Written by Carcassbomb

  • Ara
  • Juriprudence
  • Technical Death Metal
  • Milwaukee, Wisconsin
  • May 15, 2020
  • 8.5/10

Long wormy kind of crawling technical death metal. This a death project consisting of three members of Northless, a sludge/post metal band, so it’s pretty evident that they are more comfortable playing in that longer form. It’s pretty damn good. The artwork is by Eliran Kantor, who is a metal art superstar right now and much like Adam Burke, his work varies with each piece and has a long lifespan. It’s a fantastic wrapping for this sound.

Artwork by Eliran Kantor

Have I said THE CHASM today? Well now I have. Like everything remotely technical, dark and long, I’m comparing this to THE CHASM is overall aesthetic. It’s a style I will always enjoy – one of those albums that’s almost death doom because of the mixing and writing but leans too hard into the death side of that to count. Bands like Moteriferum or Void Rot. Jurisprudence does reach some intensive speeds though, it often coils all the sounds and pummels out brutal death segments that hit hard. There’s a bunch of changes throughout that will keep your ear bent, it has that entertainment value.

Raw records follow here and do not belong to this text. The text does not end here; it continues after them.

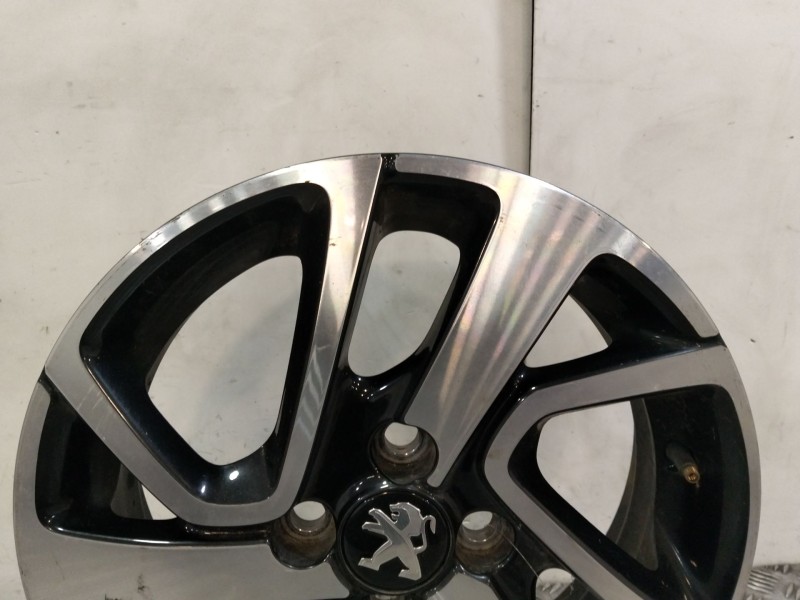 Recambio de llanta para peugeot 108 1.2 referencia OEM IAM B000908277  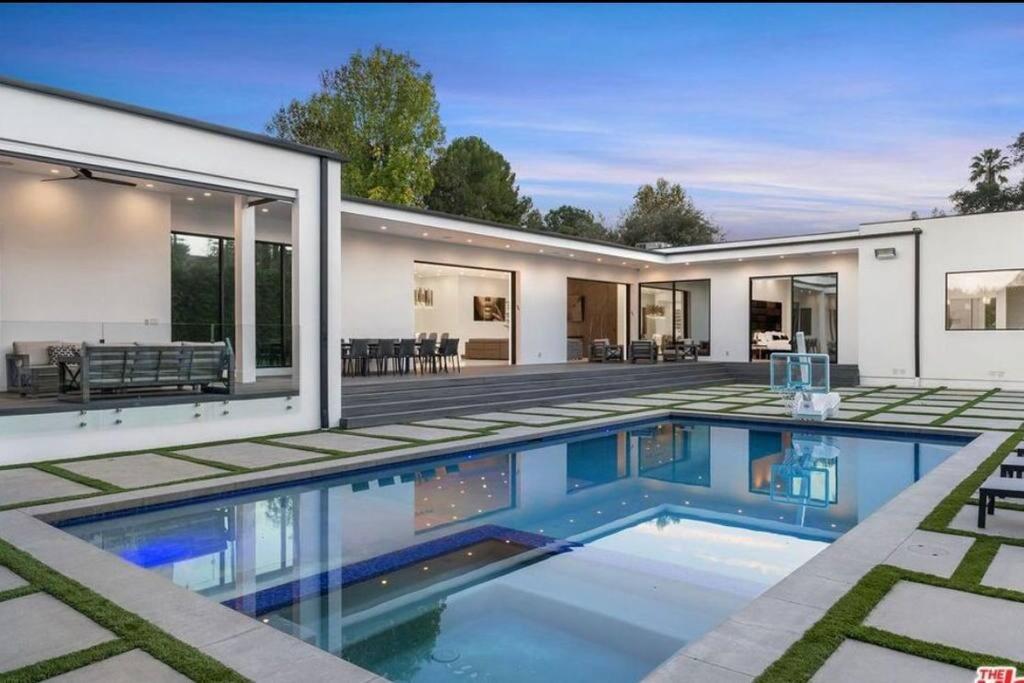 Woodland Hills Modern Dribble Den Los Angeles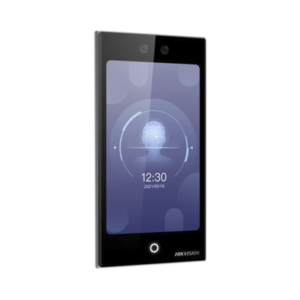 Terminal Facial WiFi con pantalla de 7" / Exterior IP65 / 10,000 Rostros y 50,000 Tarjetas / 10,000 Huellas (Módulo Opcional) / ISAPI / ISUP 5.0 / Codigos QR y Bluethooth / Intercom SIP Estandar / HIK-IA
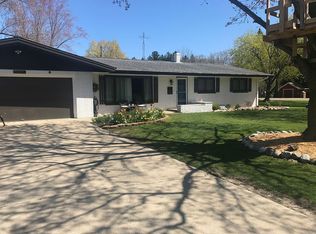 1317 Hickory Dr, Saint Joseph, MI 49085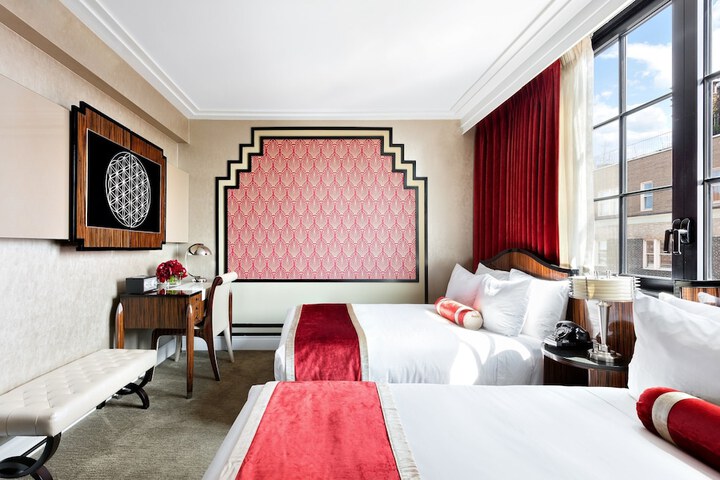 Room 23 of 44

The ending of “Etymologicide” stood out a lot to me, it spends a couple of minutes with a drum led kind of breakdown with the guitars spitting off little riffs and licks to either side. It was kind of like they were all just playing on their own but together and they were very comfortable doing it. It was very different and calls back to those post metal roots that give freshness to the approach of this death metal album. The drumming is crucial, always delivering with a very pronounced tone and good sense of arrival.

Ara: Bandcamp / Facebook

The guitars tend to be very loud with excessive gain no matter what is going on. Half of the actual sludge sound to the album is just the dripping from the distorted sustain. It’s thick, they seem to have control over it. All the guitars are apparently done by Jerry Hauppa which accounts for the song writing differences – the riffs are well arranged to compliment each other. Sometimes they will glide with atmosphere and other times they become mechanical drills.

This is Ara’s first album since 2014 and they have definitely returned with a vigor. This album places very nicely into the 2020 arena of lofi sounding kinda cosmic crushing death. It has a lot of exciting moments that reveal themselves when you least expect it, at worst it might drill on a little too long in some places.